**EXERCISE REQUIREMENTS**
Please, in the data that follows, copy exactly the lines from the line with "Renault Captur, techno" through the last one, both included. Do not include pictures.

******

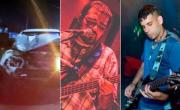 Familiares de los músicos que murieron atropellados reclaman la captura del conductor prófugo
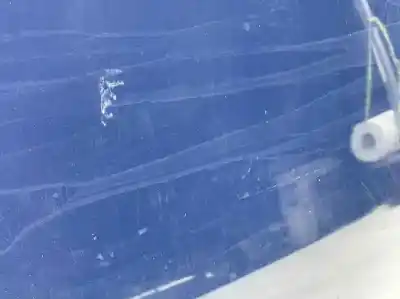 Peça sobressalente para automóvel em segunda mão capot por dacia sandero 1.2 16v cat referências oem iam 651001918r  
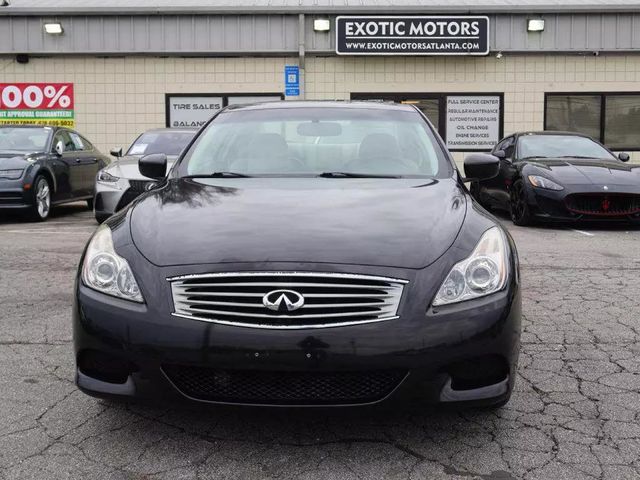 2008 INFINITI G37 Coupe G37 Coupe 2D - 22307266 - 3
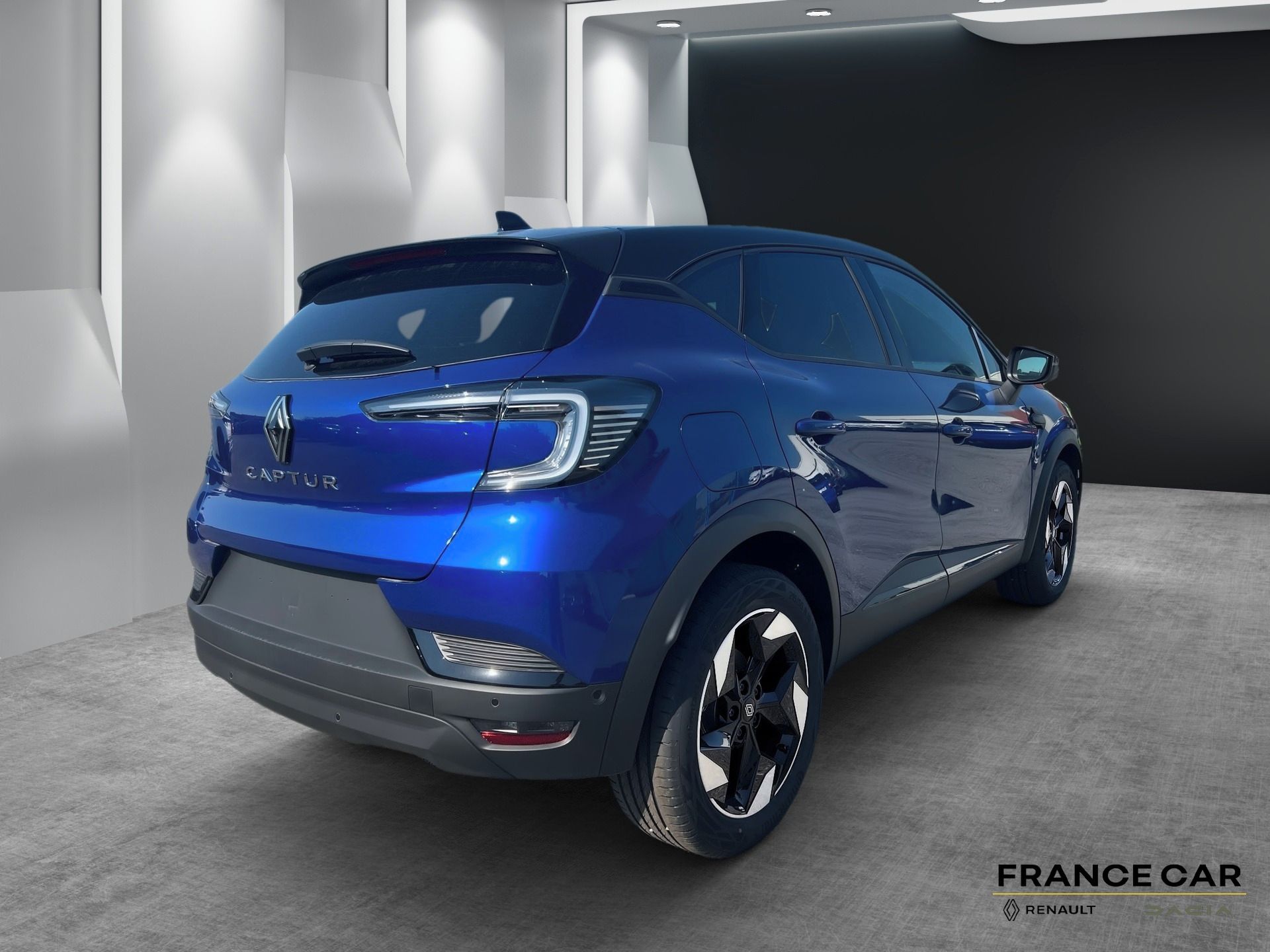 Renault Captur, techno TCe 115 MY25 manuální - fotka 4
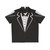 Bow Tie Tuxedo Hawaiian Shirt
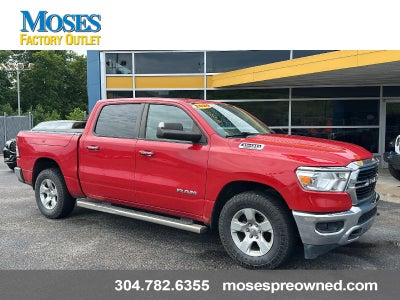 2020 RAM 1500 Big Horn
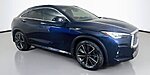 Used 2025 INFINITI QX55 ESSENTIAL in OCALA, FLORIDA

******

**RESULT**
 Renault Captur, techno TCe 115 MY25 manuální - fotka 4
 Bow Tie Tuxedo Hawaiian Shirt
 2020 RAM 1500 Big Horn
 Used 2025 INFINITI QX55 ESSENTIAL in OCALA, FLORIDA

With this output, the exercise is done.